Gov. Pat McCrory officially announced on Thursday afternoon plans for Vertex Rail Technologies to open a facility in Wilmington and hire more than 1,300 workers.
Salaries will average about $40,000 annually, according to Wilmington Business Development. Hiring is expected to begin in January, said Don Croteau, CEO of Vertex Rail, and at least 1,250 of the Wilmington facility's 1,342 employees "will come from this area."
The firm will invest $55 million to $60 million at the new plant to make technically advanced and safer rail cars, McCrory and Croteau said Thursday.
Vertex will move into the former Terex Crane
facilities at 202 Raleigh St., where Thursday's announcement came at an invitation-only event hosted by WBD at the 68-acre site.
Croteau said the company is leasing the facilities. The property was listed recently for sale on Loopnet for more than $9.5 million.
He said that although the buildings on the former Terex site are the right size and in the right location to make the rail cars, the economic development and government leaders helped the company make its final decision to come to Wilmington.
"I think every company that's doing something of this size has to go through a fairly involved process. You have to look at the building, the surrounding area, access to the port, access to the street, access to rail. You have to look at the community in general and we had several states, let's just leave it at that, that offered us the opportunity to come there as well. But Wilmington has shone well over everyone else mostly because of the people we worked with over the last 10 months," Croteau said.
will spend the upcoming months refitting the building with the goal of making 1,400 cars in the first year of operation and ramping up to 4,500-5,000 cars a year.
In the coming years, McCrory said, the facility is expected to help replace 70,000 obsolete rail cars as new federal specifications are required.
"We're going to have the company right here in Wilmington to make that difference and meet that need in both safety and of the new federal requirements," he said.
If its projected number of employees are all hired, Vertex will be one of the top 10 largest employers in the Cape Fear region, according to a Greater Wilmington Business Journal survey of companies.
On Thursday, the governor said Vertex will help provide work for members of the military coming back from overseas.
"It is my hope that many of these ... workers will be military veterans, and I think that's one of the great selling points of Wilmington and North Carolina is that we have military personnel coming home from Afghanistan and Iraq, and there will be a major recruitment and effort to bring veterans to this plant," McCrory said.
Croteau said a facility ramp-up will take about three to four months, and facility approval about one to two months. The company wants to run two shifts a day, five days a week.

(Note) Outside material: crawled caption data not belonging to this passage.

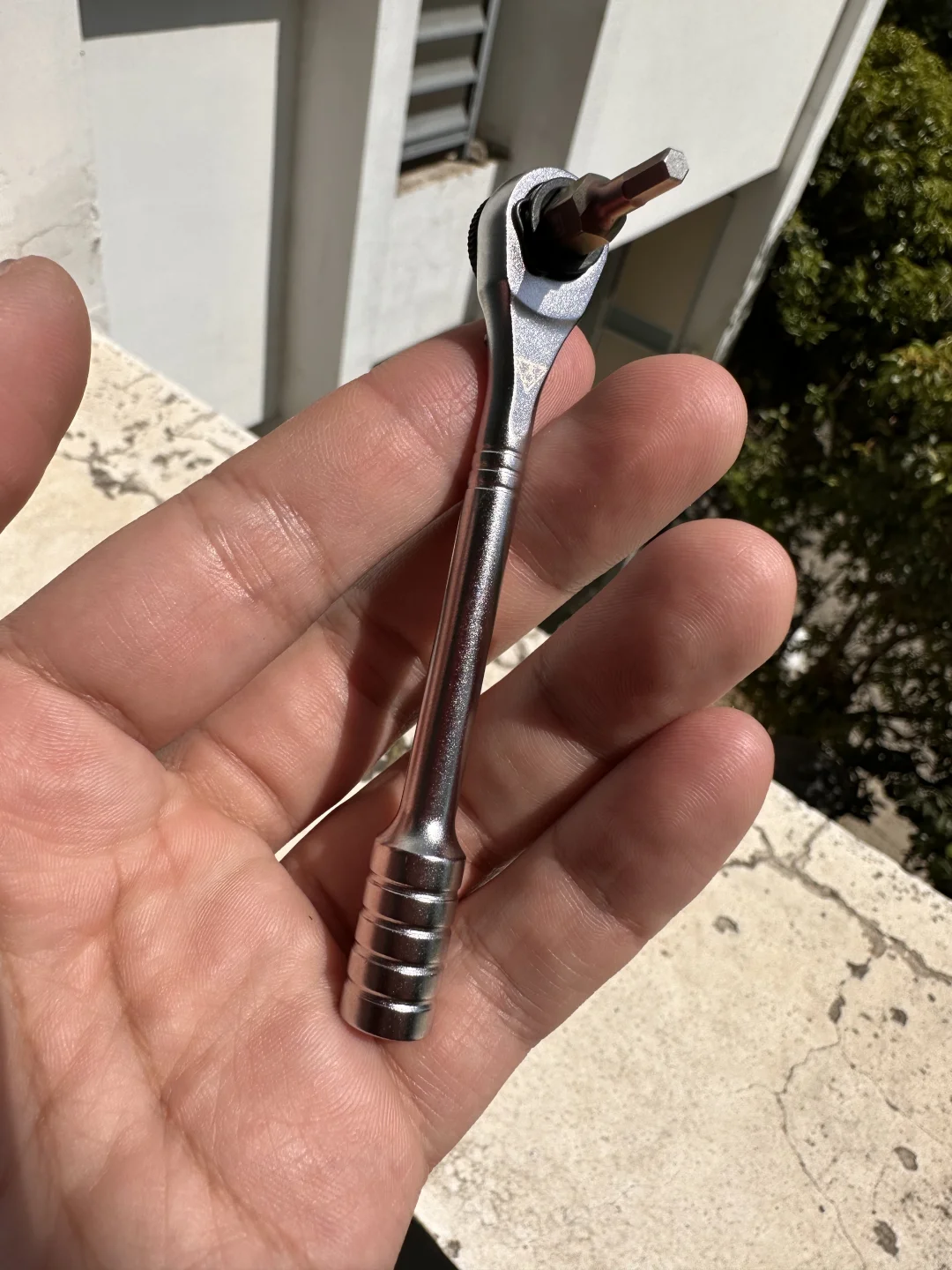 浅谈一下自行车随车工具包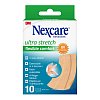 NEXCARE ultra stretch comfort flexible Pfl.6x10 cm - 10Stk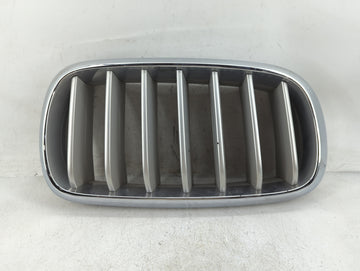 2014-2018 Bmw X5 Front Grille Bumper Not Included - Oemusedautoparts1.com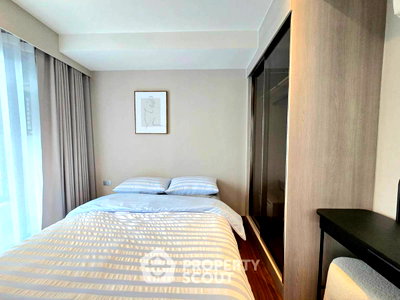 Condos for rent : Great Value 1-BR, Altitude Symphony Charoenkrung, BTS Saphan Taksin (ID 3420319)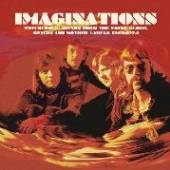 VARIOUS  - CD IMAGINATIONS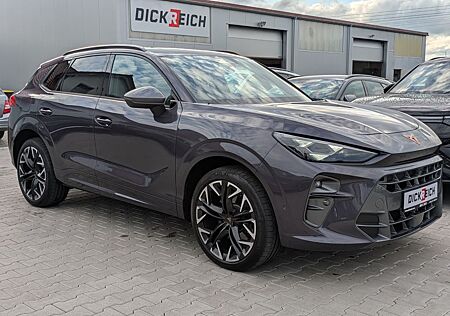 Cupra Terramar 2.0 TSI 4D VZ HUD*MATRIX*PANO*DCC*20"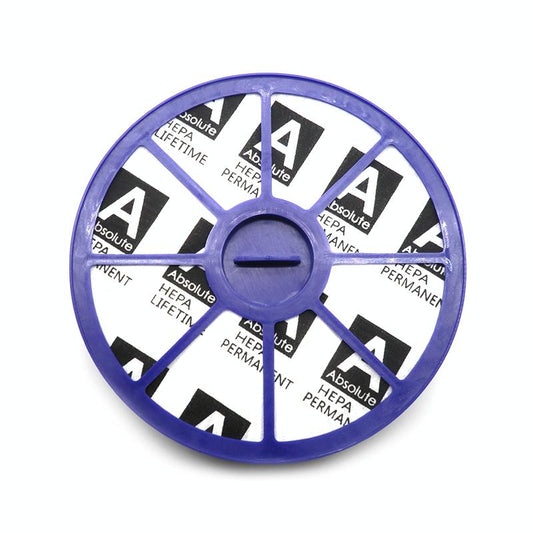 Hepa Filter Core For Dyson Vacuum Cleaners - Fits Dc05 / 08 / 19 / 20 / 21 / 29-1915197183439802370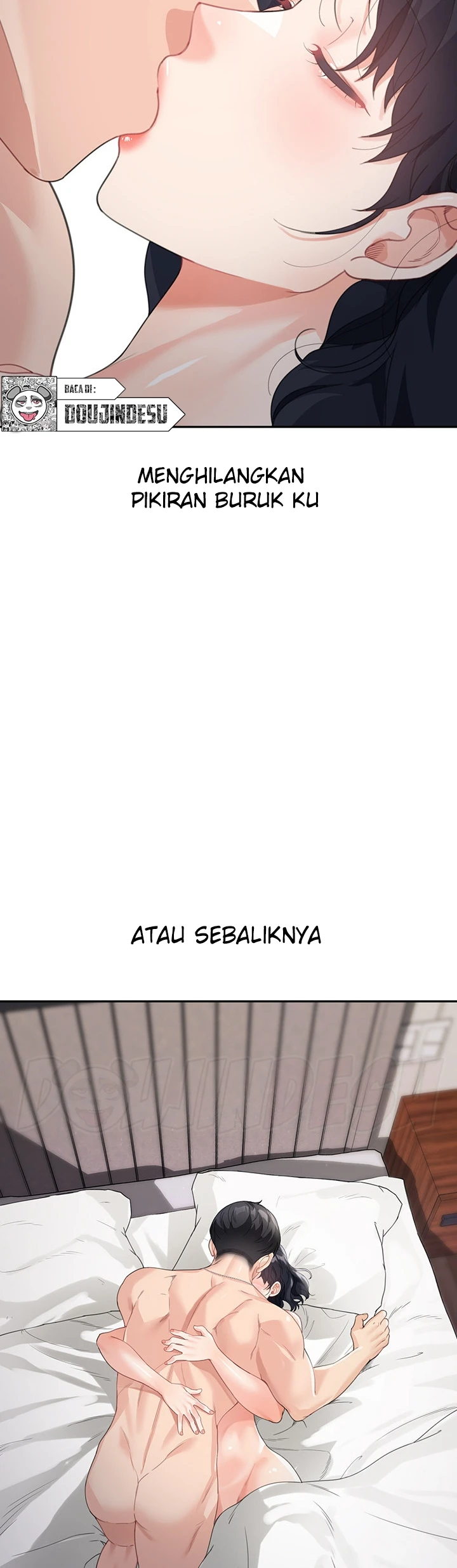My Mom and Sister Chapter 05 - Page 69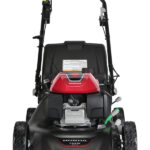 Honda HRN216VYA Mower 21" Walk Behind Mower Honda Lawn Mowers - Image 3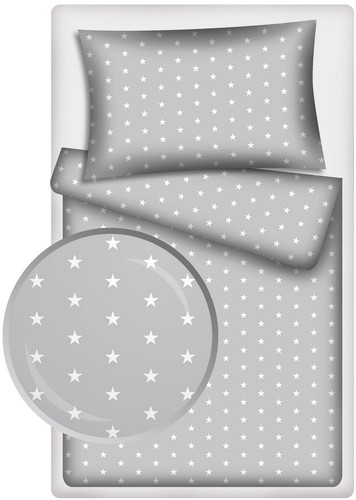 Kinderbettwäsche 100x135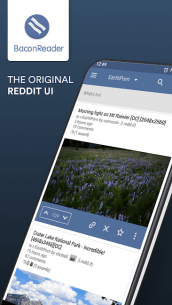 BaconReader Premium for Reddit 6.1.3.1 Apk for Android 1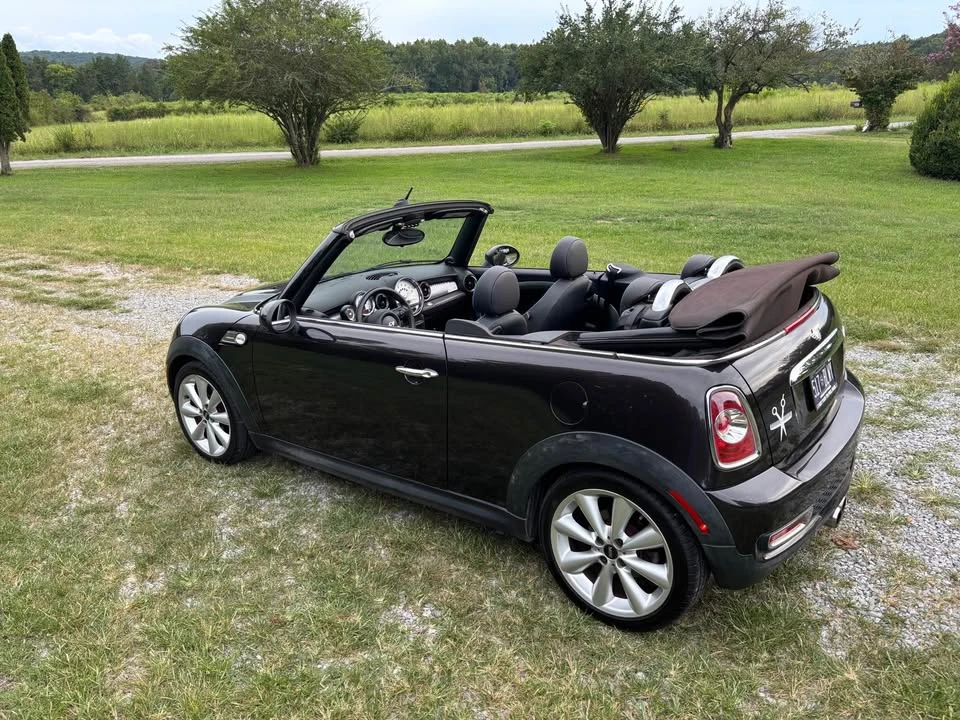 2014 Mini Mini 2nd Gen - Image 3 of 18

Workers will receive training at Cape Fear Community College, officials said Thursday. The first of several job fairs will be held from 10 a.m. to 1 p.m. Friday at CFCC's downtown campus in the Schwartz Center, 601 N. Front St. A community day will be held at the facility Dec. 6 to welcome members of the public, Croteau said.

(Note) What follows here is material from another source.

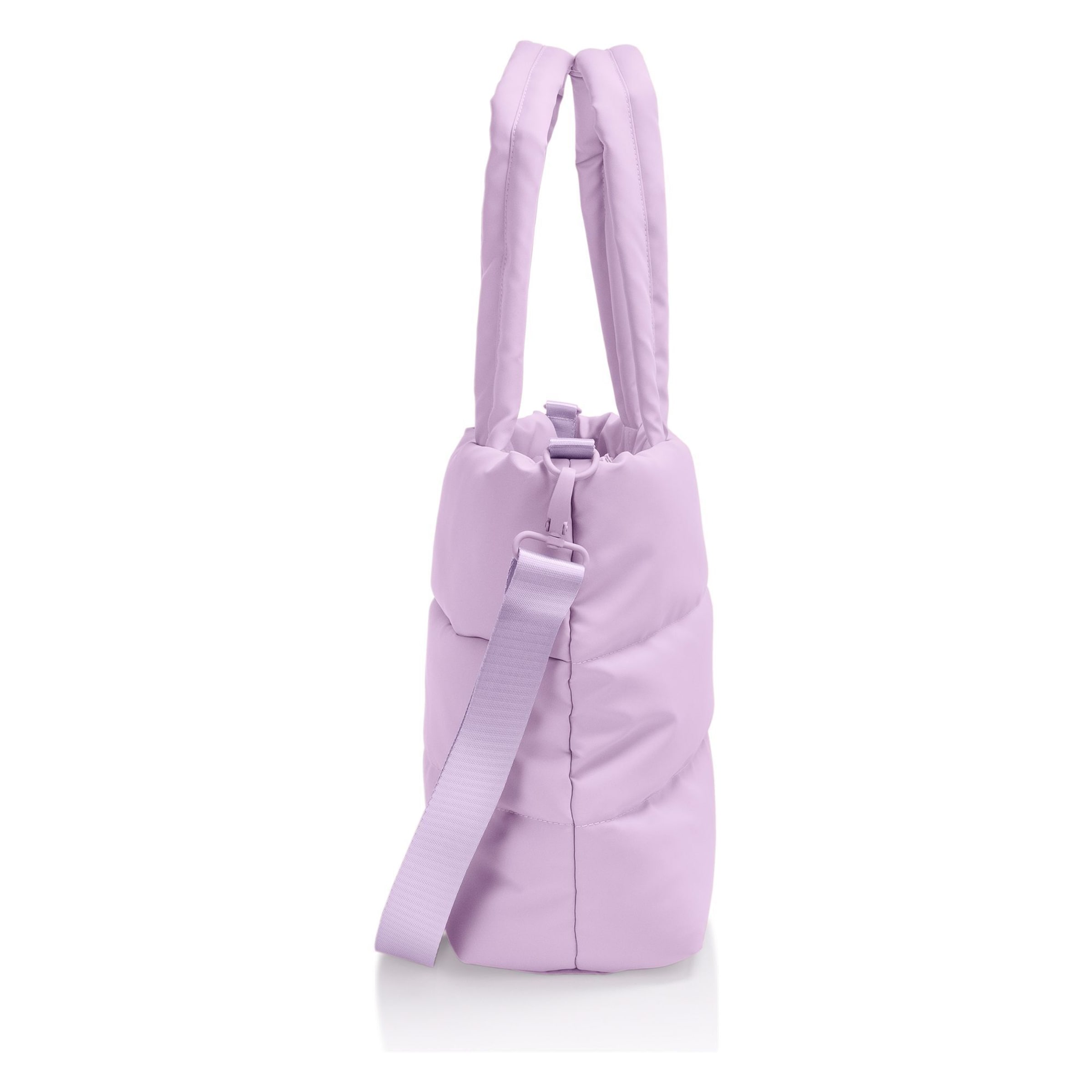 Heys Shopper in Purple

Providing a picture of the demand for rail cars like the ones Vertex is planning to build, Croteau said the company's larger competitors have lengthy backlogs and in the past six to eight weeks Vertex has quoted $7 billion worth of the cars "and we haven't built any yet."
That backlog, fueled by the fact that 18 to 20 oil-well drilling permits are being issued every day and those permitholders will need cars to carry their products, has lent a sense of urgency to establishing Vertex's Wilmington facility.
"Our biggest goal was to get here and get going because we want to get to the market as fast as possible," Croteau said.
He said the company is not receiving any incentives and didn't need any because of all of the other attributes, from workforce and facilities to the people of the community, that made Wilmington attractive to Vertex.
"At the end of the day, the end of the fight, all the other things you offered, required infrastructure, support from the government, support from everyone -- the city, the state -- the people we can hire, the veterans -- everything you offered was so good, so strong, that the incentive issue really for us was very minor," Croteau said.
Tony Tata, secretary of the N.C. Department of Transportation, said the state will be making improvements to infrastructure that will help Vertex as well as studying additional needs in the area around Raleigh Street.
DOT and the N.C. Department of Commerce are contributing $305,000 from the Economic Development Fund for the restoration of the River Road crossing and signals, according to a governor's office news release on the Vertex announcement. Additionally, the rail division of DOT is contributing $200,000 from the Freight Rail & Rail Crossing Safety Improvement Fund to improve the rail spur. The release explains that the safety improvement fund receives money from dividends received by the state from the N.C. Railroad Company.